O Brasil é uma das maiores economias do mundo. Já foi a oitava e hoje é a 11ª. Esse é um número poderoso.

Porém, aqui no rés-do-chão a situação é outra.

Estamos entre os países mais desiguais do planeta. Aqui cerca de 8 pessoas possui a riqueza somada de 100 milhões de compatriotas.

O sistema financeiro drena 43% do orçamento anual do país com o pagamento de juros e serviços da dívida pública. Não é o pagamento da dívida, só dos juros e serviços da mesma.

Isso é uma hemorragia de nossa produção econômica.

Pelo menos uma auditoria independente deveria ser feita para averiguar essa situação.

Esse ano a dívida pública bateu em 10 trilhões de reais, quase 80% do PIB.

O Governo Lula, que não mexe na lógica da política financeira, mantém os juros em 15% ao ano, emite títulos públicos para financiar os gastos do governo, cada vez maiores e mal gerenciados, numa escalada de gastança perdulária, incompetência no trato dos recursos públicos e ralos de corrupção incontroláveis.

No Brasil temos 70 milhões de pessoas endividadas, 40 milhões de trabalhadores informais, 90 milhões de pessoas que vivem do Bolsa Família, com porta de entrada e sem porta de saída.

A quantidade de subsídios públicos às atividades econômicas privadas bate recordes, drenando grandes quantias de recurso, muitas vezes sem retorno compensatório.

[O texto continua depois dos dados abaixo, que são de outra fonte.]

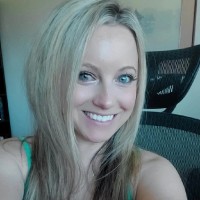 Carlson & Jayakumar LLP Employee Jade B.'s profile photo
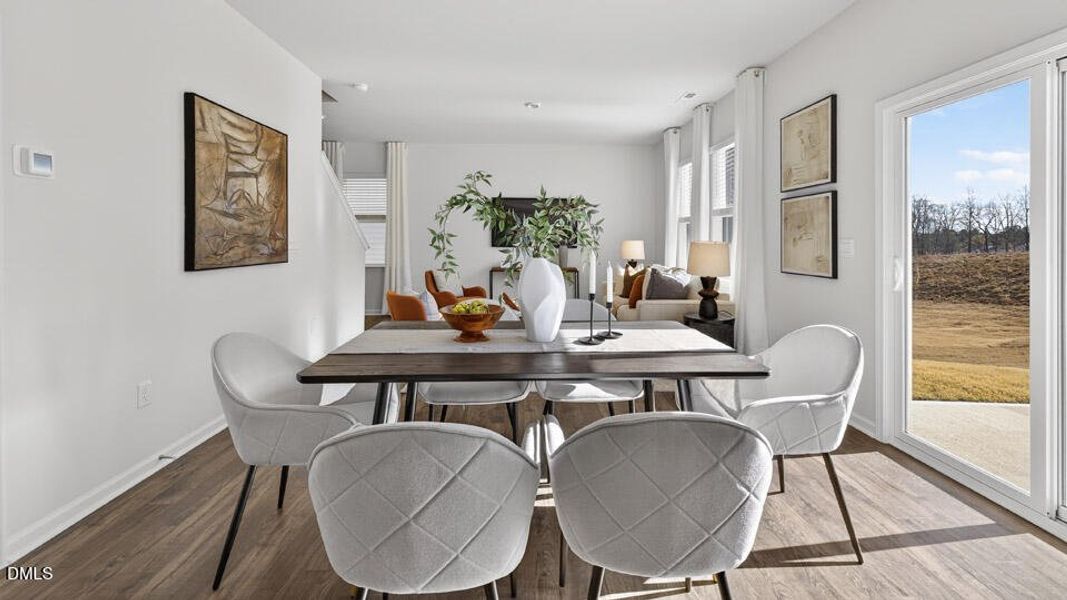 120 Global Ave- Fuquay-Varina-8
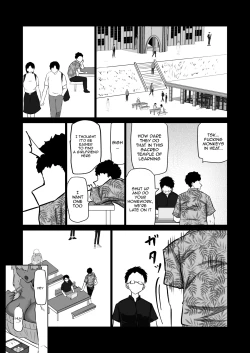 Page 139 of Uchiki na Osananajimi wa Moteasobareru. Kimi ga Senpai no Dekachin de Tsugou no Yoi Onaho ni Sareru MadeUntil Senpai's Huge Dick Turns You Into His Convenient Onahole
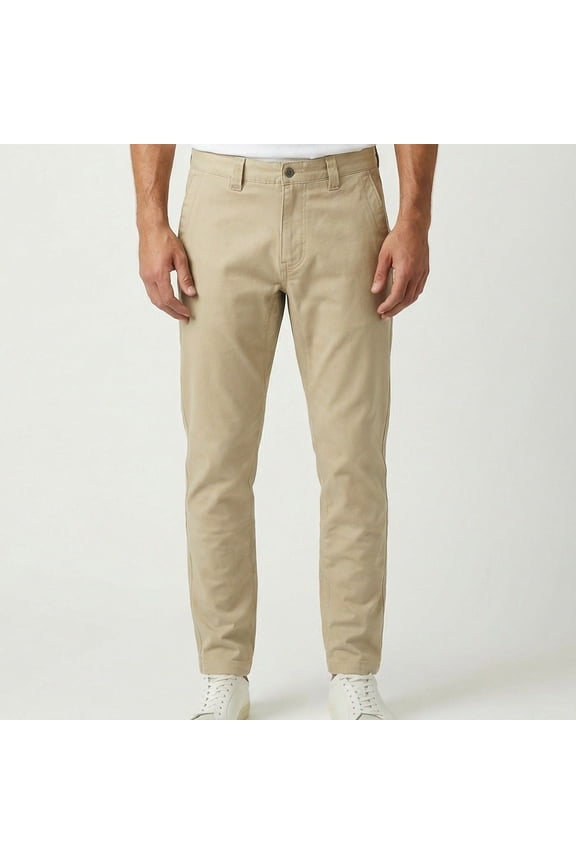 Teton Pant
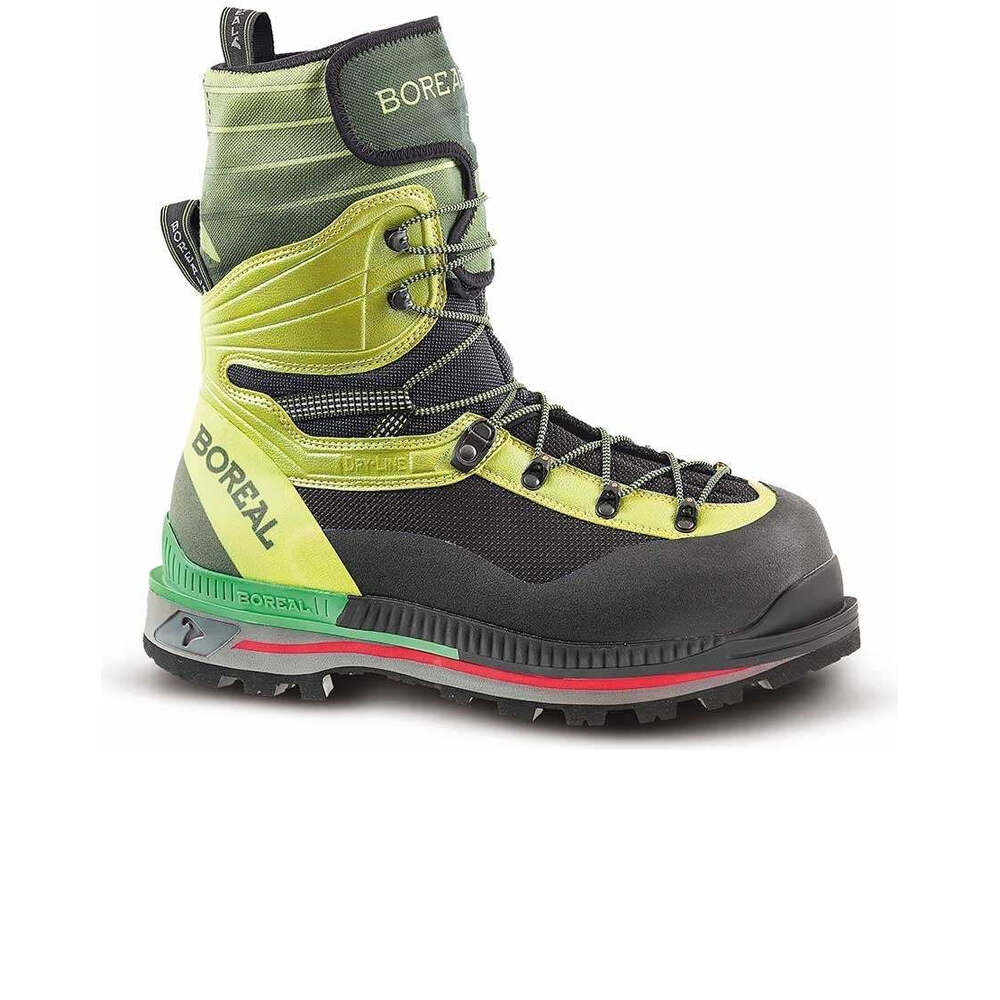 G1 lite bota montaña cuero hombre (38)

Infelizmente, entra governo e sai governo, de “direita” e de “esquerda”, e essa situação só piora, podendo se dizer que nossa situação hoje é pré-falimentar.

A polarização tóxica que invadiu o Brasil com xingamentos cruzados, chulos e medíocres, em nenhum momento toca na real situação de dependência e servidão a um sistema econômico e financeiro que coloca o país de joelhos, e penitencia a população à pobreza e exclusão.

Enquanto não se enfrentar isso o futuro do Brasil estará sempre no futuro.